(Short web captions)
════════
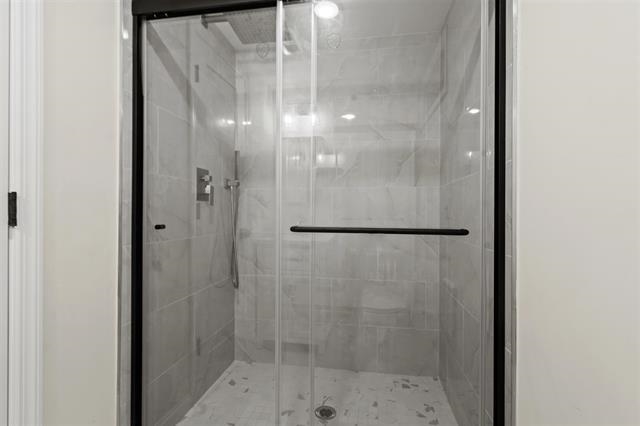 238 Springfield Avenue, Unit 1 Rutherford, NJ 07070 - Photo 18 of 33 a bathroom with a glass shower door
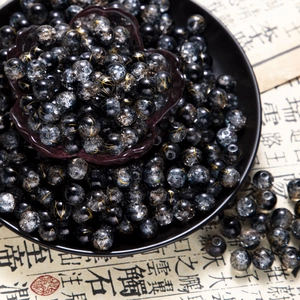 Macro detail of 10mm black and gold cracked glass beads for DIY jewelry making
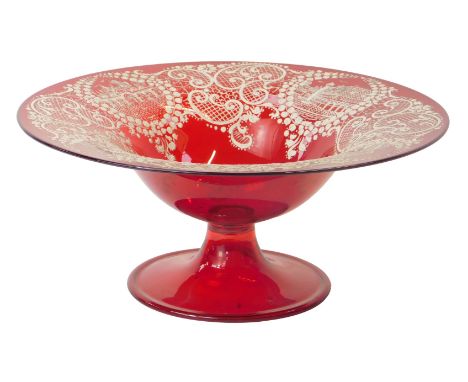 A Venetian ruby glass footed bowl, with white painted lattice and scroll work decoration, with four reserves depicting Veneti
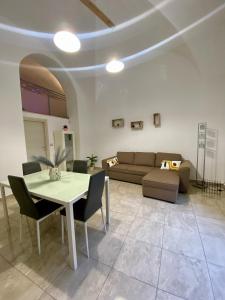 a living room with a table and a couch at Mavi house in Catania
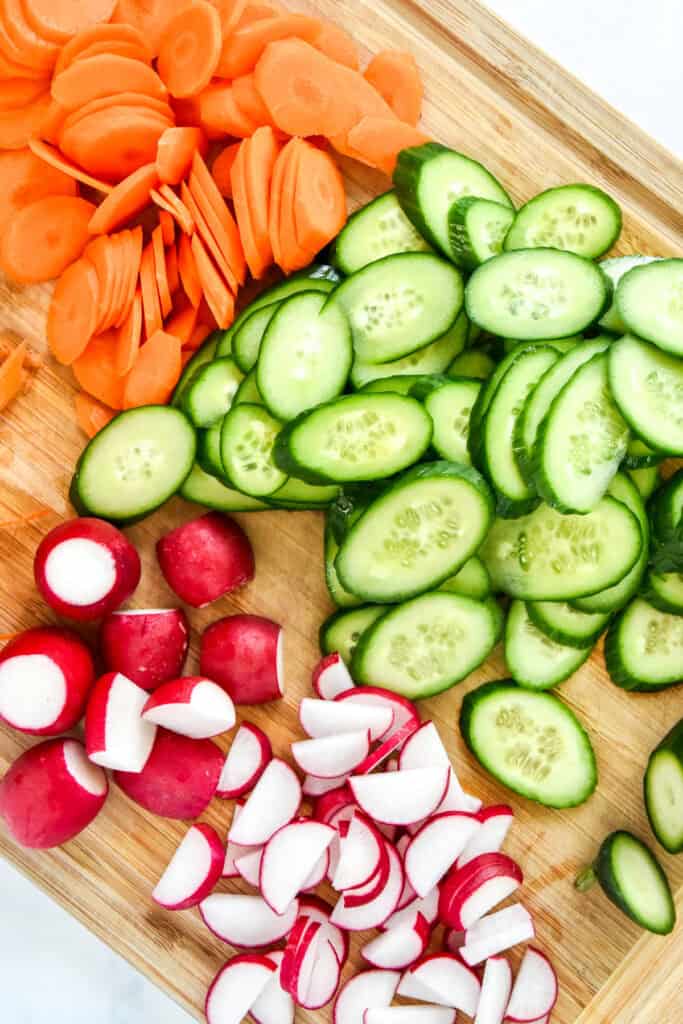 cut cucumbers, radish and carrots on a wooden cutting board.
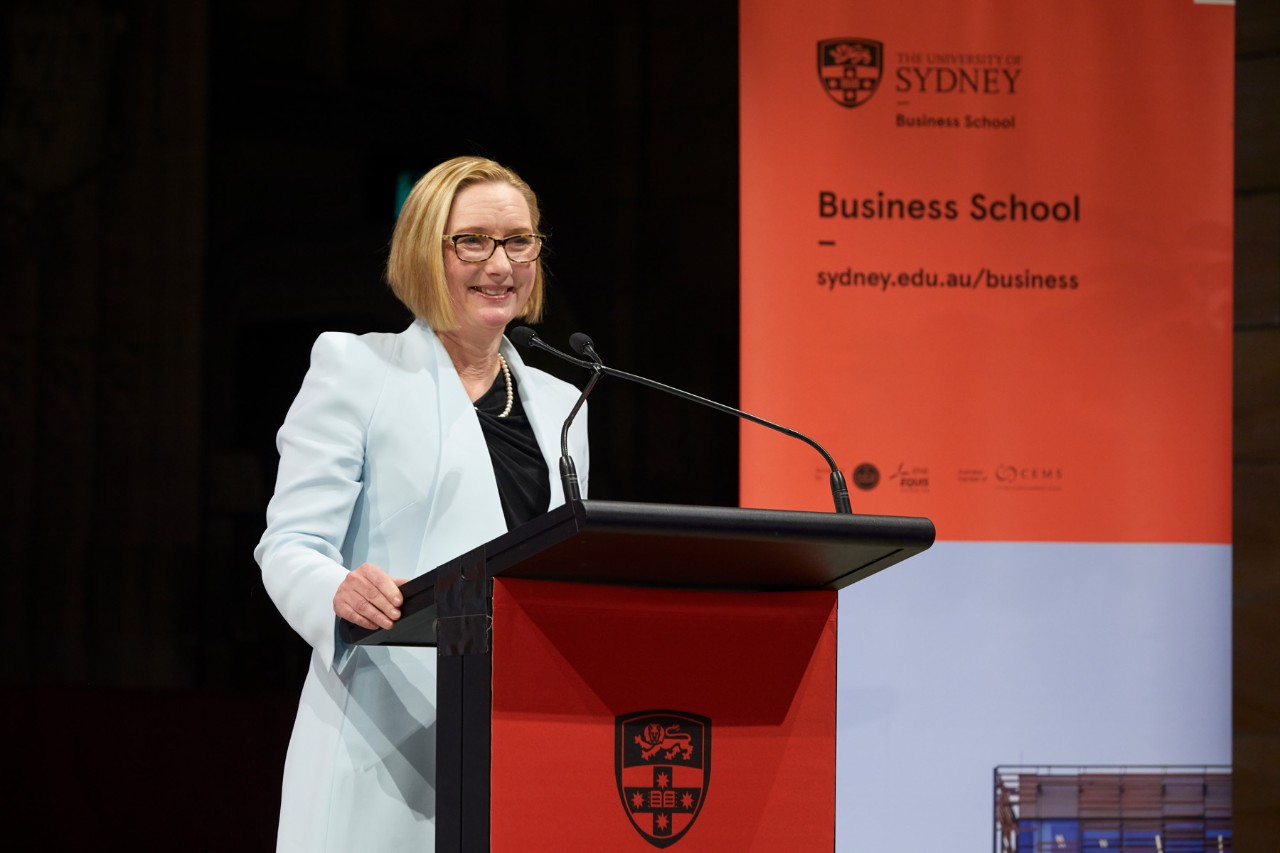 Susan Lloyd-Hurwitz speaking at alumni dinner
════════
• [YOUR GOAL]:
From the line containing "cut cucumbers, radish" to the final line of the entries, both included, transcribe every line exactly, omit the pictures, and add nothing more.

• [SOLUTION TO THIS PROBLEM]:
 cut cucumbers, radish and carrots on a wooden cutting board.
 Susan Lloyd-Hurwitz speaking at alumni dinner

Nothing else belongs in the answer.